Le Cameroun nous servira d'échantillon dans l'hémisphère Sud du fait de sa position stratégique dans la politique Africaine de la France(Oyono,1990). Ne dit-on pas souvent que le Cameroun est une « Afrique en miniature » du fait de ses caractéristiques particulières qui en font un « microcosme de l'Afrique » ?

· Sur le plan chronologique

Nous voulons étudier cette nouvelle forme de coopération internationale entre la France et le Cameroun depuis 1990. Cette date marque la signature de la convention cadre franco-camerounaise relative à la coopération décentralisée. Il ne s'agit pas ici de croire qu'il n'existait pas de Coopération Décentralisée franco- camerounaise avant cette date - d'ailleurs la ville de Bafoussam (Cameroun) est jumelée à celle de Bayeux (France) par un accord du 18 Février 1966 et dans sa forme actuelle, la Coopération Décentralisée lie des collectivités des deux pays depuis 1984 (Nach Mback, 1994) - mais de cerner les logiques qui sont inhérentes à cette coopération à partir de l'évènement de novembre 1990. Il n'est pas superfétatoire, nous semble-t-il ,de rappeler que le socle institutionnel de la Coopération Décentralisée est balisé à l'origine par la convention- cadre de Madrid proclamée au sein du conseil de l'Europe en 1980 (Ekoumou, 1991). Seulement, il faut remarquer que cette coopération était restrictive car se limitant à la sphère européenne et ayant pour objectifs avoués la consolidation des relations de voisinage et la promotion des rapprochements entre collectivités locales européennes. C'est à partir de la convention de Madrid que le mouvement prendra une tournure vertigineuse pour se répandre plus tard dans les autres continents. Certains Etats d'Afrique noire connaîtront véritablement ce mouvement avec la crise des autoritarismes ou tout simplement ce que Bourmaud(1997), empruntant le vocabulaire de Jean François Bayart appellera plus tard la « décompression autoritaire ».

Quelques clarifications conceptuelles

Si les hommes prenaient la peine de s'entendre au préalable sur les mots qu'ils allaient utiliser, il y aurait moins de problèmes dans le monde. C'est fort de cette somptueuse allégation d'Aristote (384-329) que nous voulons dégager la spécificité de sens mieux, la polysémie que renferment les concepts clés de notre étude à savoir, coopération décentralisée, collectivités territoriales décentralisées, partenariat...

1) La coopération décentralisée

La notion de "coopération décentralisée" est multidimensionnelle et certains auteurs cèdent à la tentation de parler des « coopérations décentralisées » (collectif de thiers, 1983). Mais la coopération décentralisée est une et une seule (Nach Mback, 1994). Dans la pratique, le même terme de « coopération décentralisée » peut revêtir des significations différentes et englober de manière plus ou moins extensive l'ensemble des acteurs de la coopération internationale.
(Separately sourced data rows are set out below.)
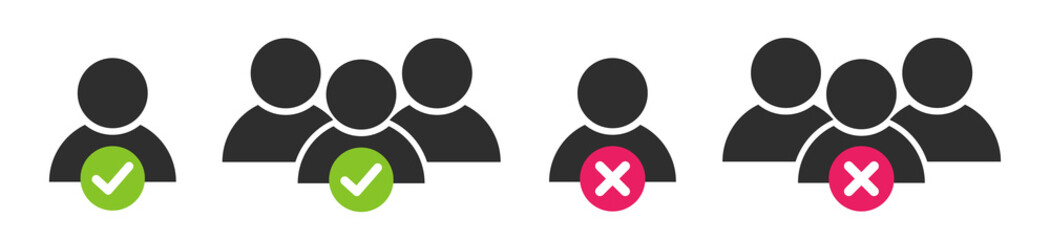People icons set. User group with check mark and cross sign. Team communication icon symbol. Isolated vector illustration.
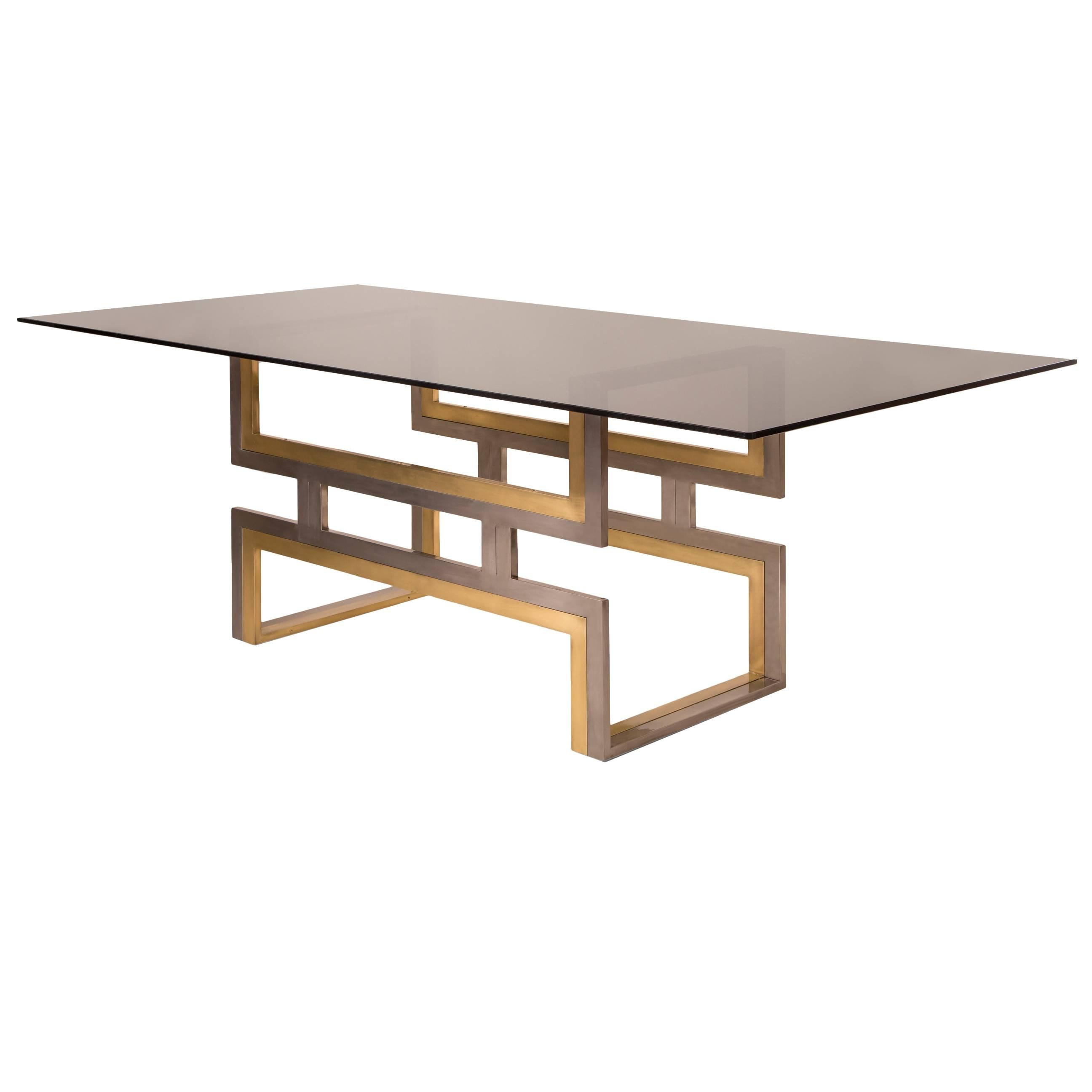 Romeo Rega, Exceptional Italian Chrome and Brass Dining / Center Table For Sale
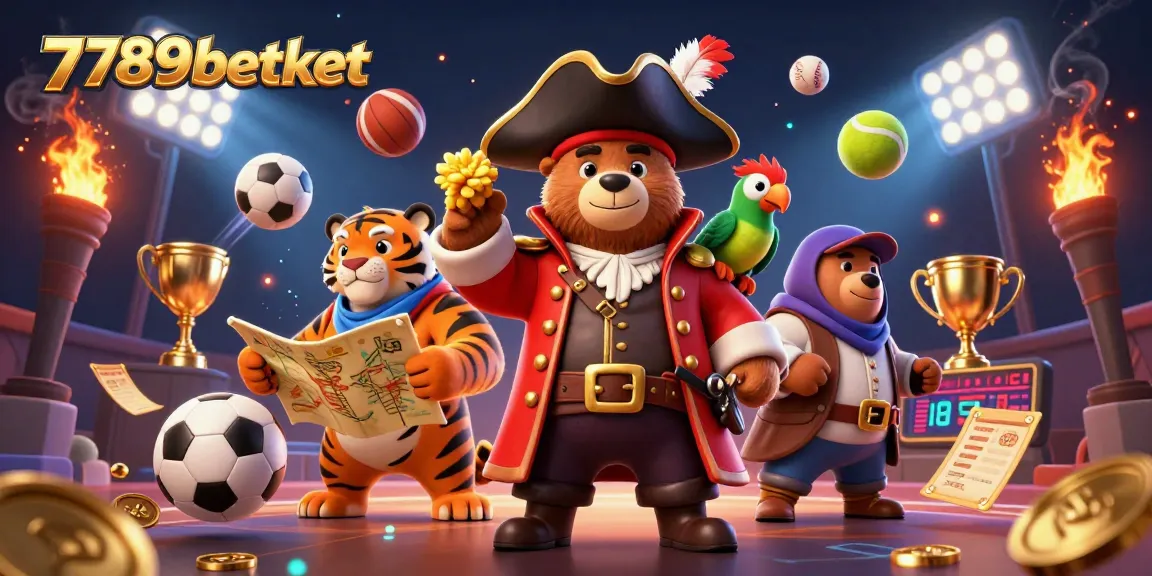 Experience the thrill of competitive sports betting with 789betket, featuring vibrant 3D characters and elements.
D'ailleurs, le règlement du conseil d'Europe accorde la qualité d'agent de coopération décentralisée à tous les acteurs dits "infra étatiques" ; c'est-à-dire toutes les organisations et personnes morales qui ne relèvent pas directement du gouvernement, qu'elles soient publiques ou privées. Il peut s'agir de la sorte aussi bien de collectivités et autorités territoriales ou locales que d'associations, d'ONGs et autres partenaires publics ou privés.
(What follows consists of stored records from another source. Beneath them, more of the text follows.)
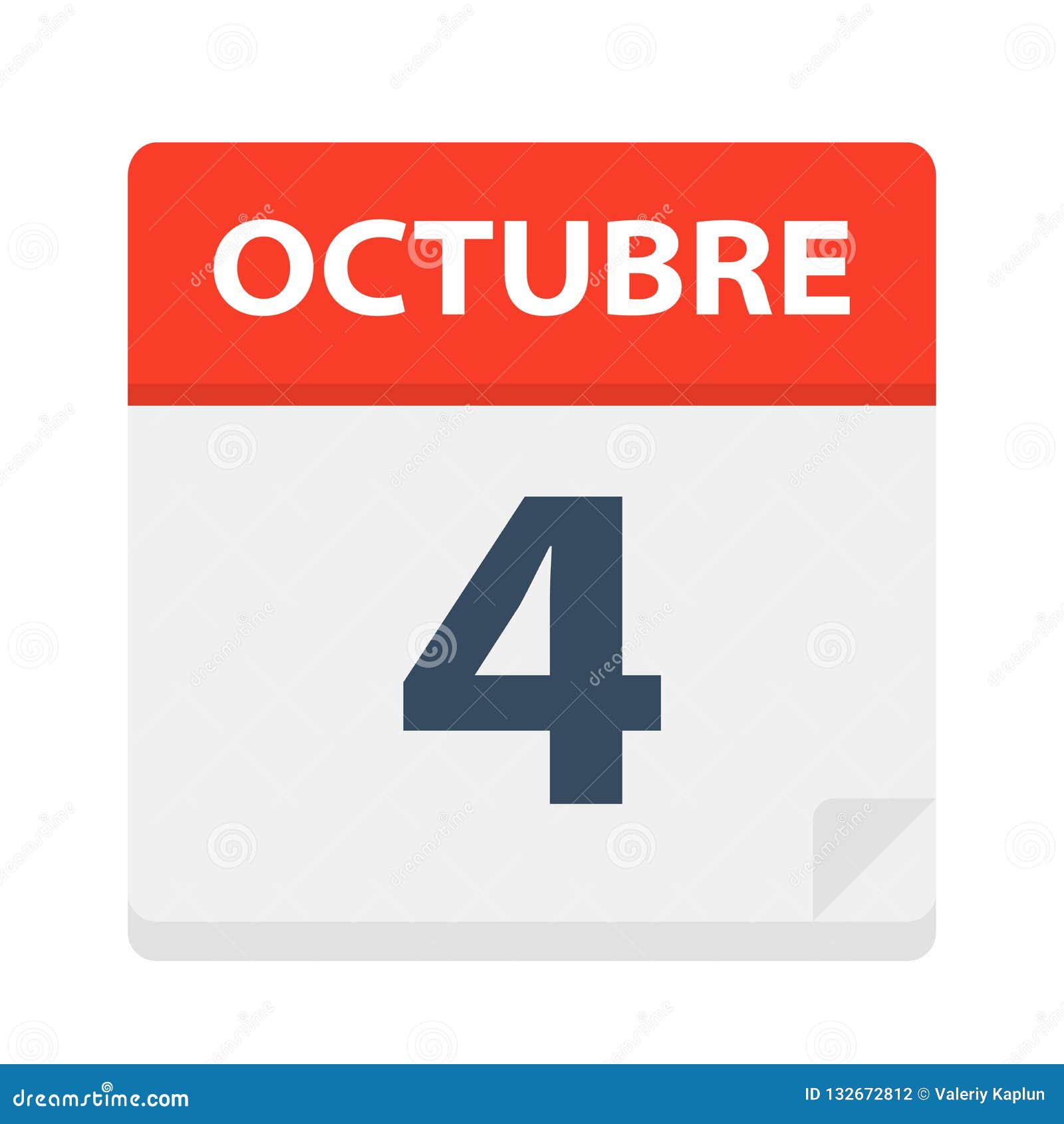 octubre 4- calendar icon - october 4 -   of spanish calendar leaf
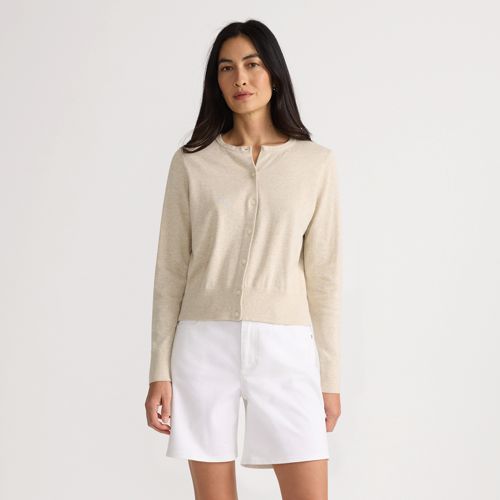 Women's Fine Gauge Cotton Crew Cardigan Sweater, Front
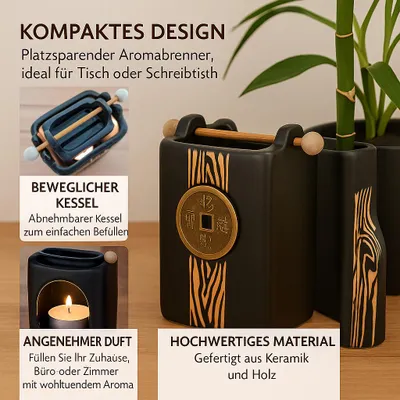 Produktbild von Kleiner fernöstlicher Aromabrenner 12 cm Feng Shui Duftlampe Keramik Buddha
En revanche, selon les termes du droit français, la qualité et le statut d'agent de coopération décentralisée sont réservés uniquement aux collectivités et autorités territoriales car on considère qu'il s'agit des relations décentralisées au sens public de l'expression (Santus, 2003 : 8).
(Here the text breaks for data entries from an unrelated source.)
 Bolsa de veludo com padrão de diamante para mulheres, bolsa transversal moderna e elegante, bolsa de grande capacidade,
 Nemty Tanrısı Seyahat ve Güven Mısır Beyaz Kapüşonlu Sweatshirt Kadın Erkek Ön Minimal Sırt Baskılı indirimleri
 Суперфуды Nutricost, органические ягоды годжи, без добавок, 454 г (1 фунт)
Pour Jean-Louis Vénard, la Coopération Décentralisée s'entend aujourd'hui dans un double sens : d'une part, les institutions de coopération tendent de plus en plus à favoriser la mobilisation des collectivités locales des pays développés au service du développement urbain en Afrique en apportant des compléments de financement aux accords directs passés entre villes du Nord et du Sud désignés sous le nom de "jumelage - coopération". D'autre part, selon le sens qui lui est donné par la CEE, la coopération décentralisée a pour objet de mettre l'aide au développement directement à la disposition des collectivités locales du Sud en contournant les administrations centrales des Etats (Jaglin et Dubresson, 1993). Allant dans le même sens, Franck Petiteville définit la coopération décentralisée comme une nouvelle forme de coopération internationale avec pour pendant l'acheminement de l'APD au Sud, aussi utilise-t-il avec insistance l'expression "coopération décentralisée pour le développement", pour catégoriser les relations Nord-Sud (Petiteville, 1995). Remarquons que ces différentes approches de la coopération décentralisée Nord-Sud sont essentiellement réductionnistes et constituent un facteur de minorisation de cette nouvelle forme de coopération internationale car, occultant, mieux faisant l'impasse sur les différentes interactions et/ou légitimations réciproques qui sont à l'oeuvre dans ce jeu. Laissons Bernard Dolez définir pour nous la "coopération décentralisée".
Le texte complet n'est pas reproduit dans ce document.